Turn off CNBC and Watch Real Yields

Advisor Perspectives welcomes guest contributions. The views presented here do not necessarily represent those of Advisor Perspectives.

Investors watch CNBC and other media outlets for guidance on where the markets are going. CNBC may provide insightful commentary from very qualified investors, but if one is watching CNBC to figure out where markets are headed, they will be better served looking to the bond market for direction.

Real yields, or the bond yield less inflation expectations, explain the movement of many assets. If we are to form reasonable expectations for stocks, commodities, the dollar index, and gold prices, we best have an opinion on where real yields are going.

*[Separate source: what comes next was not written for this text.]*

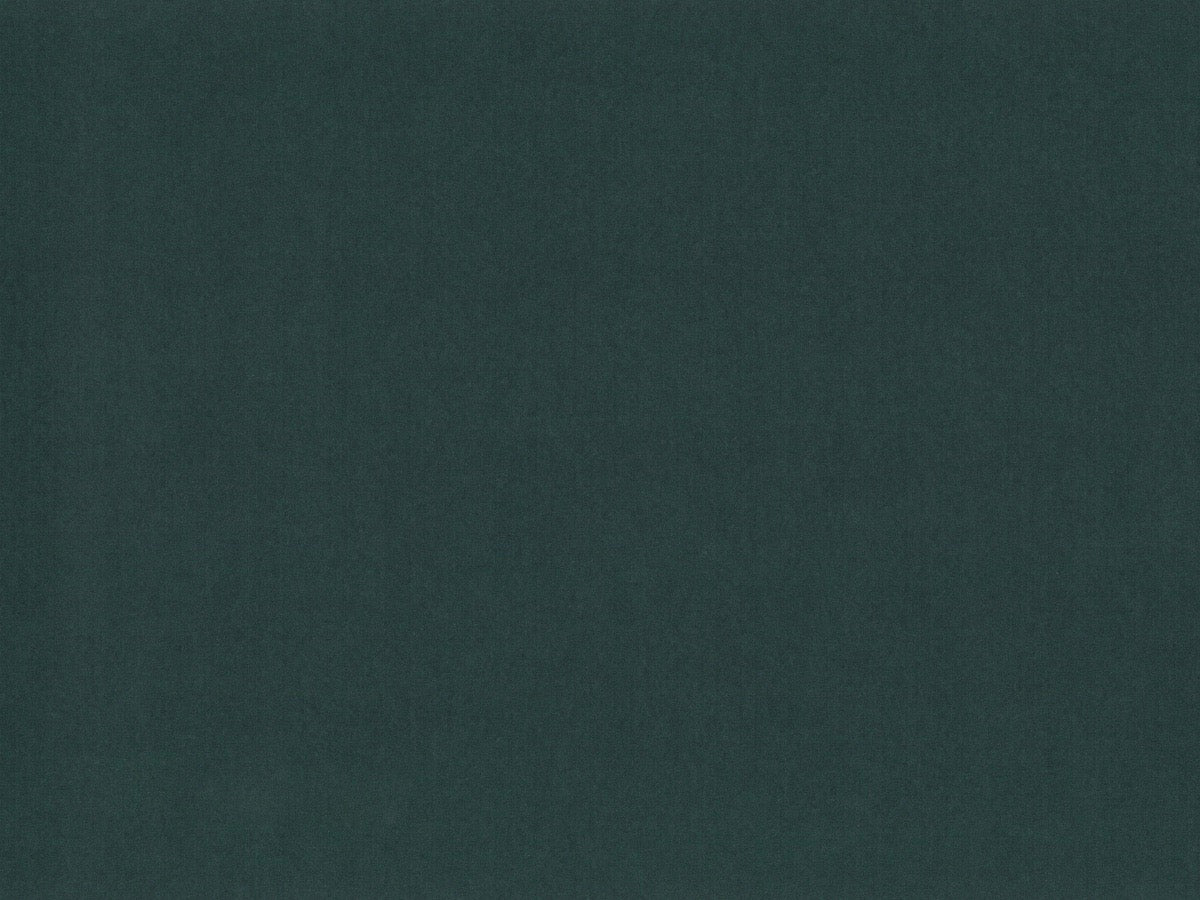 Colored Premium Choose Colour /Size Envelopes 118gsm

I share evidence supporting the recent strong relationship between real yields and risk assets. I then ponder where real yields are heading to help save you the confusion of trying to follow the conflicting bullish and bearish views presented on CNBC.

What are real yields?

The real yield is the yield an investor expects to receive after inflation. Think of it as the amount of purchasing power a bondholder expects to gain or lose. The inflation figure within the calculation is based on inflation expectations which are a byproduct of the difference between TIPS and nominal yields.

In a free market, lenders should be compensated for lending money. The compensation in the form of interest rate should encompass the risk of non-repayment, the opportunity cost of not having the money available, and expected inflation.